§ PROMPT:
Quote all of the data exactly as given. Skip every picture it contains.
#### SOURCE MATERIAL ####
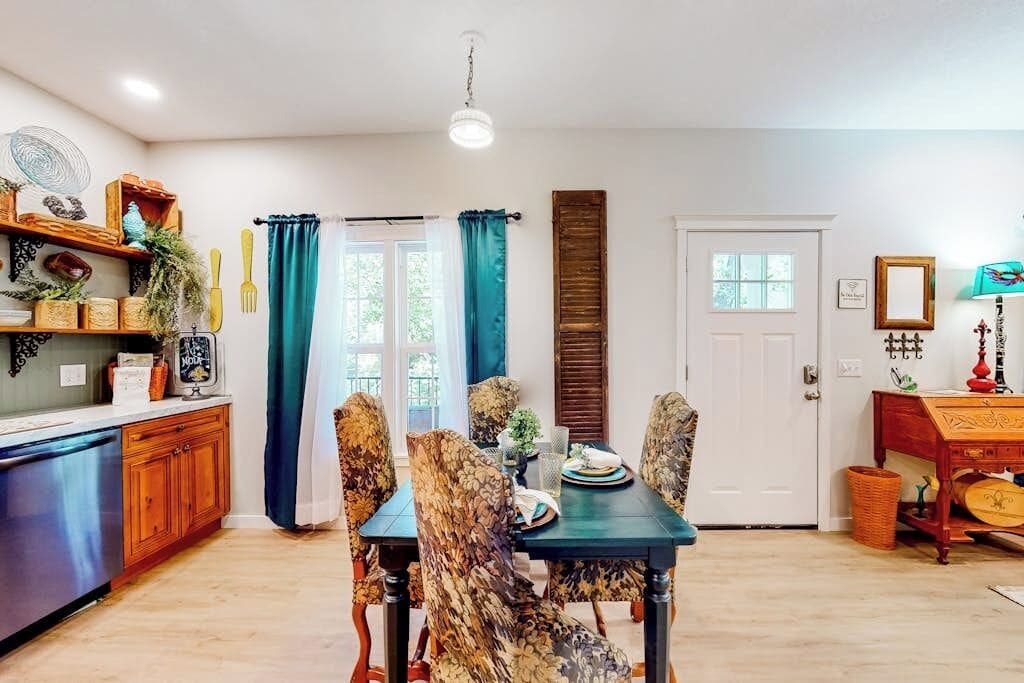 A dining area with a table set for four, surrounded by patterned chairs. A wooden cabinet with decorative items is to the left, and a door with a window is visible in the background.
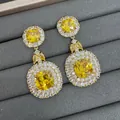 Elegantes pendientes largos con cristales amarillos y detalle de halo. - Amarillo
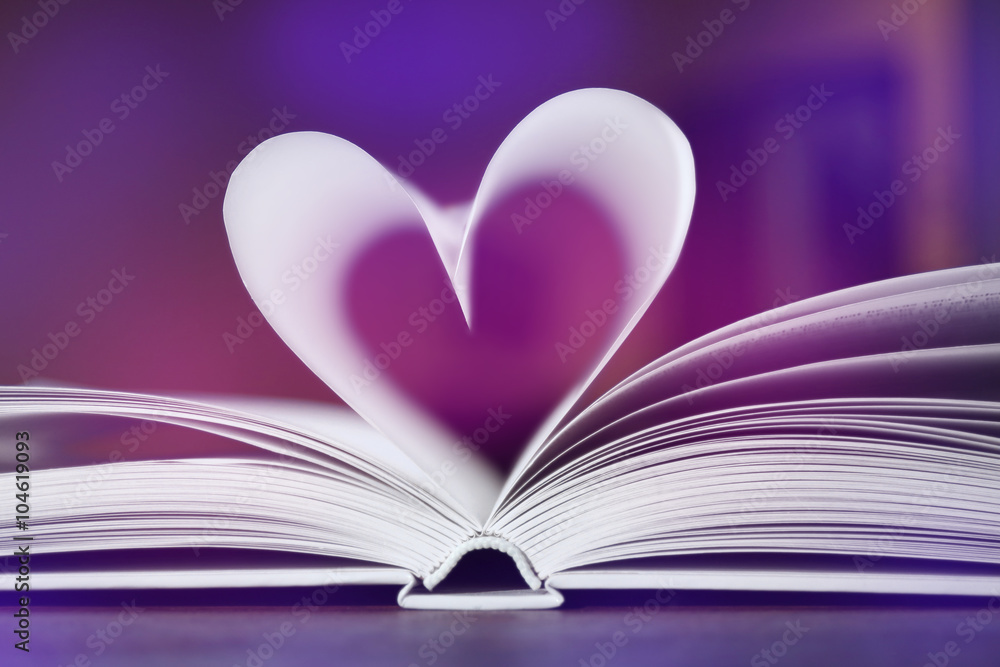 Heart from book pages on dark blurred background Heart from book pages on dark blurred background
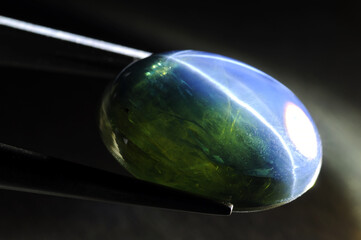 Natural 6 star diffusion treated sapphire cabochon gemstone close up hard spot contrast light. Massive crystal of stone stucture, inpurities, inclusions, crystal grow pattern lines and star lines.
####
§ ANSWER AREA:
 A dining area with a table set for four, surrounded by patterned chairs. A wooden cabinet with decorative items is to the left, and a door with a window is visible in the background.
 Elegantes pendientes largos con cristales amarillos y detalle de halo. - Amarillo
 Heart from book pages on dark blurred background Heart from book pages on dark blurred background
 Natural 6 star diffusion treated sapphire cabochon gemstone close up hard spot contrast light. Massive crystal of stone stucture, inpurities, inclusions, crystal grow pattern lines and star lines.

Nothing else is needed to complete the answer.